The Palestine Chronicle, an English language newspaper, hinted a third intifada – insurrection against Israeli "occupation" – may be in the works. Another editorial in the same paper claimed that if the intifada should start, it should not end until the Israeli's were drive into the sea.

Israeli Prime Minister Benjamin Netanyahu said in a statement after the wave of violence began that "terrorists that have been incited and who are riven with hate are trying to attack our people – babies, children, men and women, civilians and soldiers. Our hearts – the hearts of the entire nation – are with the families of the victims whose lives were cut short by reprehensible murderers."

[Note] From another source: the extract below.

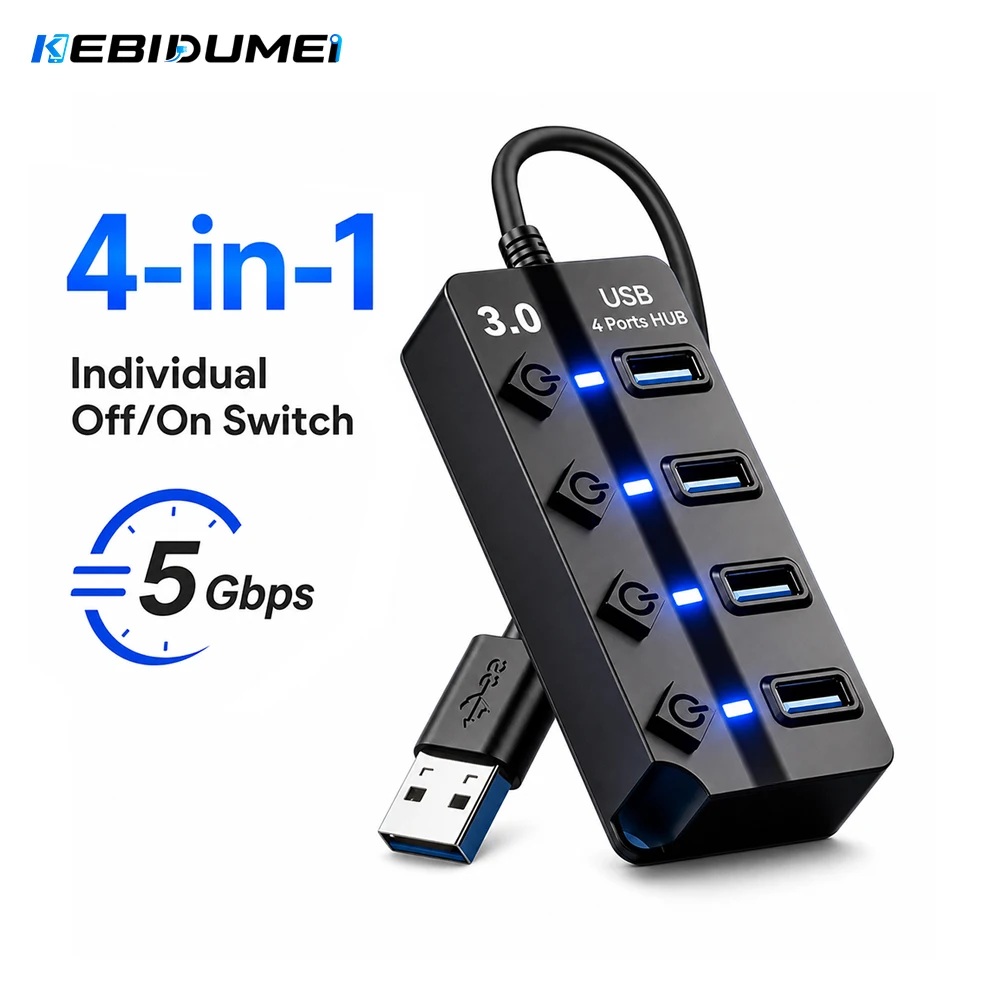 KEBIDUMEI 4 Ports USB 3.0 Hub with Individual On/Off Switches USB 3.0 5Gbps High Speed Multi Splitter for Mouse Keyboard MacBook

"This vicious terrorism did not start today. It has accompanied the Zionist enterprise since its beginning. We have always known how to defeat the rioters and build up our country and so it will be now. The terrorists and the extremists behind them will achieve nothing. We will rebuff them and we will defeat them," Netanyahu said.

"We are in the midst of a wave of terrorism with knives, firebombs, rocks and even live fire. While these acts are mostly unorganized, they are all the result of wild and mendacious incitement by Hamas, the Palestinian Authority, several countries in the region and – no less and frequently much more – the Islamic Movement in Israel, which is igniting the ground with lies regarding our policy on the Temple Mount and the purported changes that we want to make to the status quo. This is an absolute lie. We are also taking action against the inciters and the attackers."

Much of the unrest that has occurred in the past months has centered on Jewish access to the Temple Mount, the site of Solomon's Temple – located likely where the Dome of the Rock mosque sits now. Jews may not visit that mosque, but may visit the area outside of the Al Aqsa mosque, also on the Temple Mount.

Recent Jewish visits to the Temple Mount have received significant resistance from Palestinian youth who have thrown rocks at visitors and at those praying at the Wailing Wall, the only remaining portion of the original Temple structure.

As a result, Netanyahu said politicians "Jewish and Arab alike" would not be able to go up to the Temple Mount for a period of time.

"We do not need more matches to set the ground afire. We will take aggressive measures against the Islamic Movement in Israel and against other inciters. Nobody will be immune," Netanyahu said.

"I would like to tell you, citizens of Israel, that we live in the Middle East and that the flames of radical Islam, which are burning the entire region, are also reaching us. But Israel is a very strong country and Israelis are a strong people."